Error while compiling statement: FAILED: ParseException line 1:0 cannot recognize input near 'MERGE' 'INTO' 'FINAL'

MERGE 
INTO FINAL 
USING FIRST_STAGE
ON IMSI = FIRST_STAGE.IMSI and Site = FIRST_STAGE.Site
WHEN MATCHED THEN UPDATE SET
  Min_Date = least(FIRST_STAGE.Min_Date, Min_Date),
  Max_Date = greatest(FIRST_STAGE.Max_Date, Max_Date),
  NoofDays = FIRST_STAGE.NoofDays + NoofDays,
  Down_Link = FIRST_STAGE.Down_Link + Down_Link,
  up_Link = FIRST_STAGE.up_Link + up_Link,
  connection = FIRST_STAGE.connection + connection
WHEN NOT MATCHED THEN INSERT ( Min_Date, 
  Max_Date, 
  NoofDays, 
  IMSI, 
  Site, 
  Down_Link, 
  Up_Link, 
  Connection )
VALUES ( FIRST_STAGE.Min_Date, 
  FIRST_STAGE.Max_Date, 
  FIRST_STAGE.NoofDays, 
  FIRST_STAGE.IMSI, 
  FIRST_STAGE.Site, 
  FIRST_STAGE.Down_Link, 
  FIRST_STAGE.Up_Link, 
  FIRST_STAGE.Connection )

Solution

  • Hive merge statement is introduced in Hortonworks distribution.

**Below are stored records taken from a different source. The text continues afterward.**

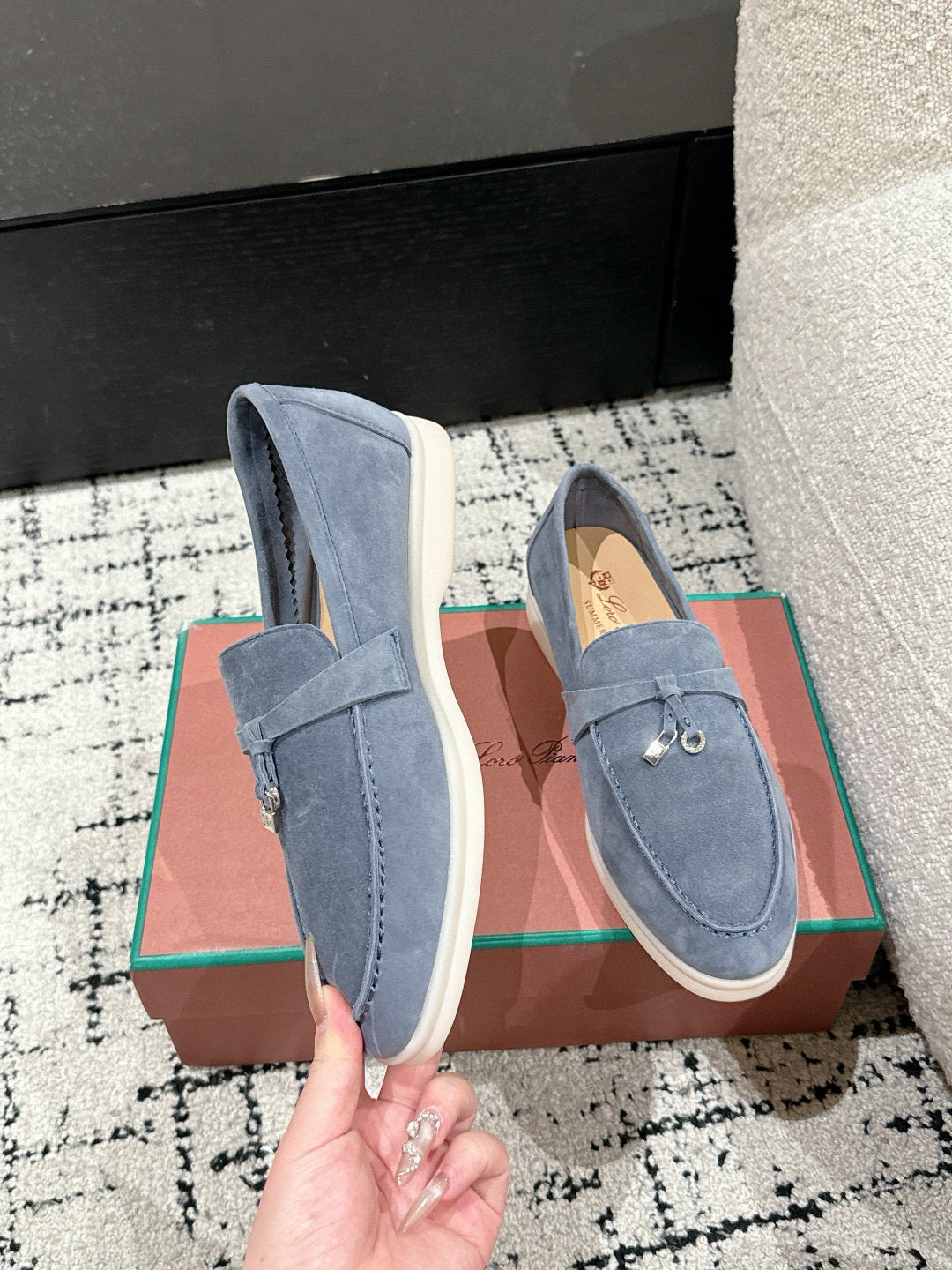 Loro Piana Loafers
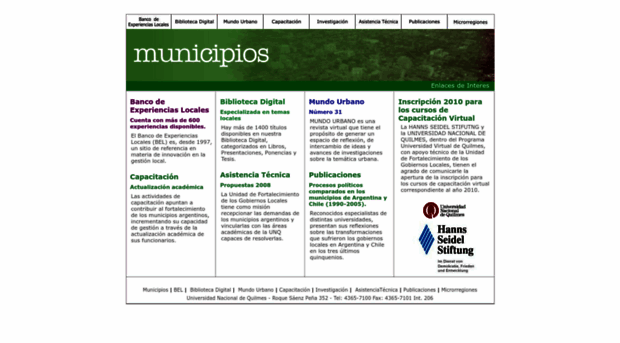municipios.unq.edu.ar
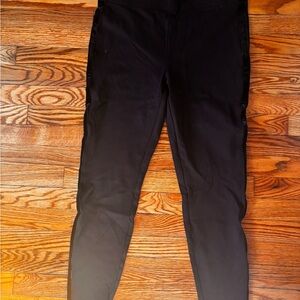 LOFT tuxedo leggings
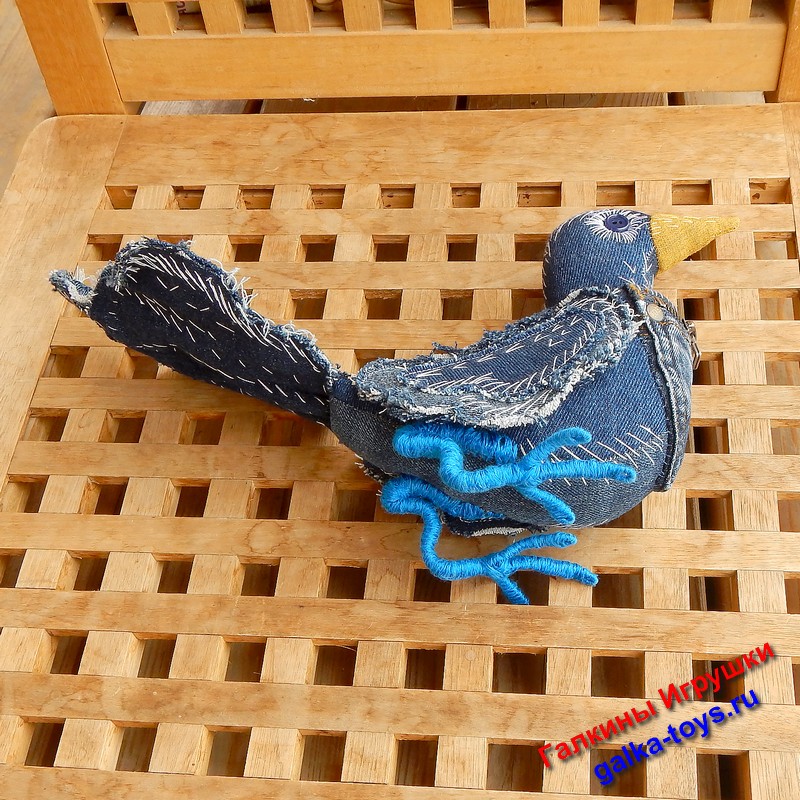 Синяя птица символ счастья и удачи — изображение 6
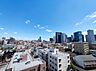 バルコニー：眺望や窓からの景色が良いと、家で過ごす時間も快適です。※CG加工により晴天にしています。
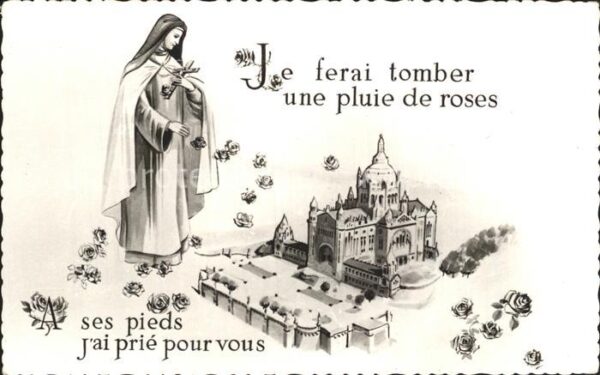 Religion Lisieux Calvados Heilige Therese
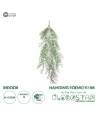 GloboStar® Artificial Garden HANGING FOENICULUM 20850 Τεχνητό Διακοσμητικό Κρεμαστό Φυτό Φοινίκουλο Μ30 x Π12 x Υ88cm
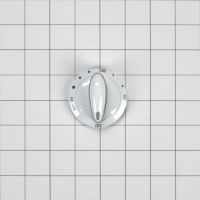 Picture of OEM Whirlpool Knob, Burner (White) WP74011276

    • Prerequisite for these merge statement to run is:

      Final table needs to be created with transactional enabled ,ORC format ,and bucketed.

    AFAIK In case of Cloudera distribution we need to use Kudu to perform upsert operations starting from cloudera-5.10+.

    Note: Upsert statement only works for Impala tables that use the Kudu storage engine.

    • I don't think we can run merge statements as mentioned in the post in CDH distributions as of now.